◆ **The data**:
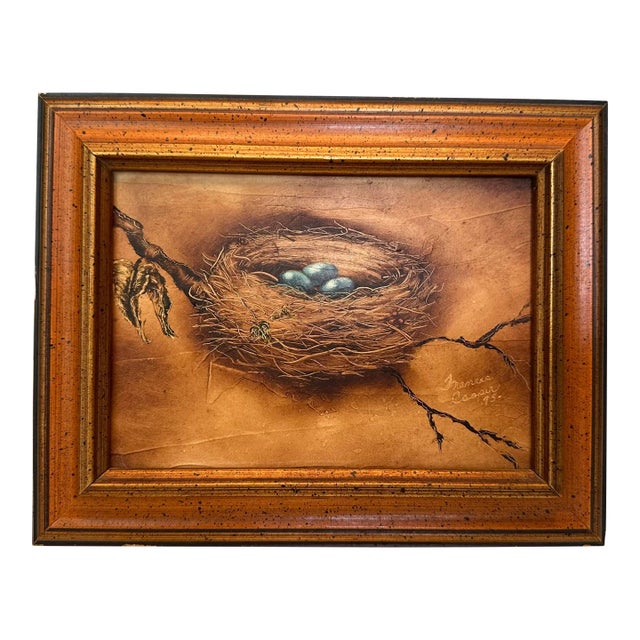 Impressionist Birds Nest Still Life Framed Original Oil Painting For Sale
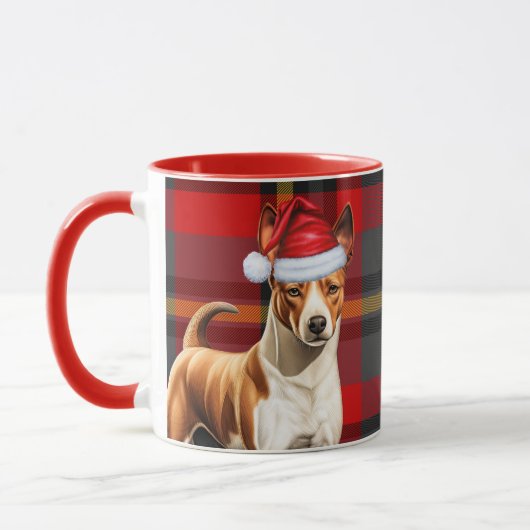 Basenji Hondenvakantie Rood en Groen Geplakt Kerst Mok (Links)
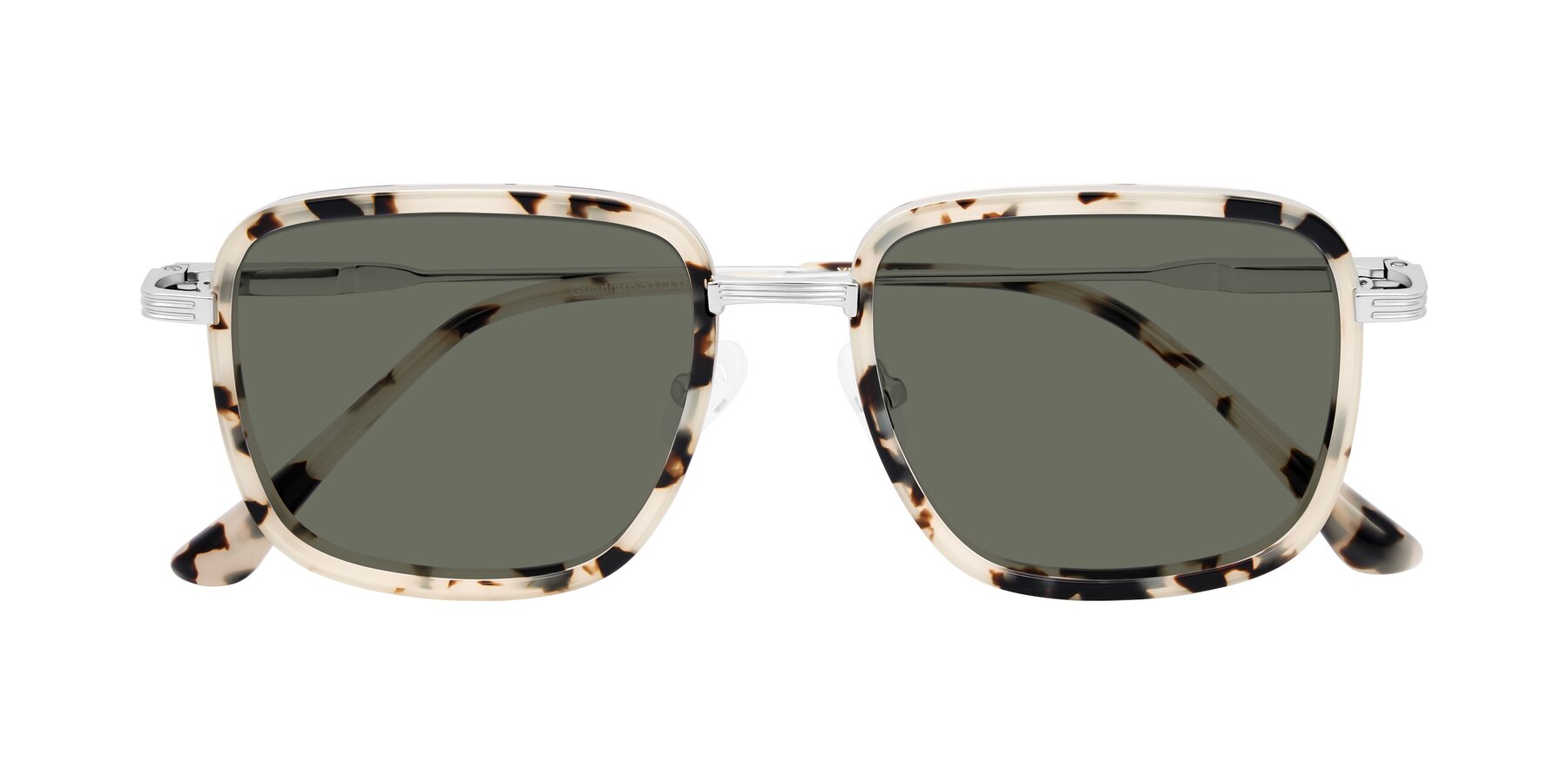 Folded Front of Guadiaro in Ivory Tortoise/Silver with Gray Polarized Lenses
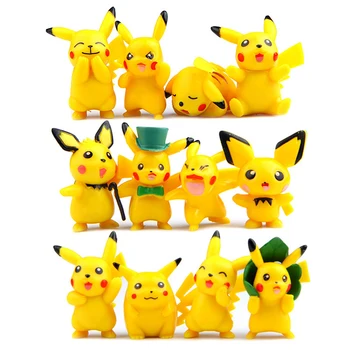 

12pcs/lot Pikachu Toys 3-5cm Pikachu Cute PVC Action Figures Toys Doll Collection Model Toy for Children Kids Gifts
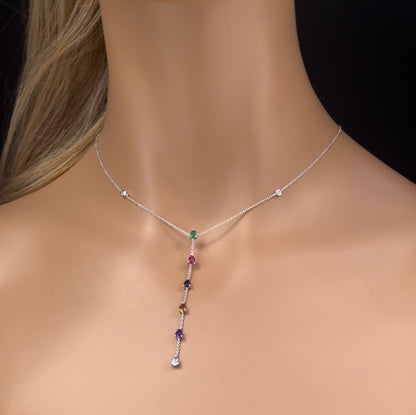 Muse Jewelry 1.07ct G SI 14K White Gold Diamond & Multi Color Drop Lariat Necklace 16+2" Ext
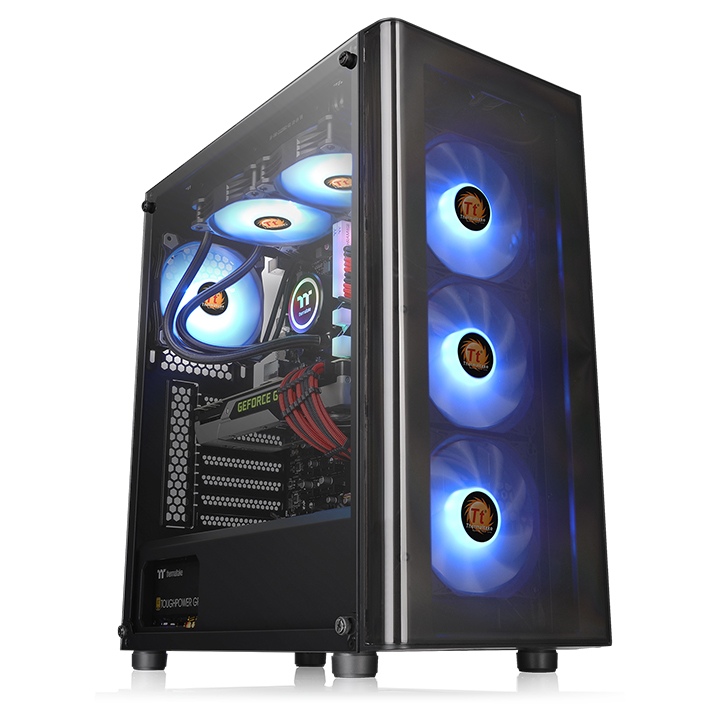 Close-up and inside Desktop PC Gaming and Cooling Fan CPU with multicolored LED  RGB light show status on working mode, interior PC case technology  background Stock Photo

◆ **Task description**:
Repeat exactly the lines above, from the line containing "Basenji Hondenvakantie Rood" through the last line of the records, inclusive; omit any pictures.

◆ **Written response**:
 Basenji Hondenvakantie Rood en Groen Geplakt Kerst Mok (Links)
 Folded Front of Guadiaro in Ivory Tortoise/Silver with Gray Polarized Lenses

12pcs/lot Pikachu Toys 3-5cm Pikachu Cute PVC Action Figures Toys Doll Collection Model Toy for Children Kids Gifts
 Muse Jewelry 1.07ct G SI 14K White Gold Diamond & Multi Color Drop Lariat Necklace 16+2" Ext
 Close-up and inside Desktop PC Gaming and Cooling Fan CPU with multicolored LED  RGB light show status on working mode, interior PC case technology  background Stock Photo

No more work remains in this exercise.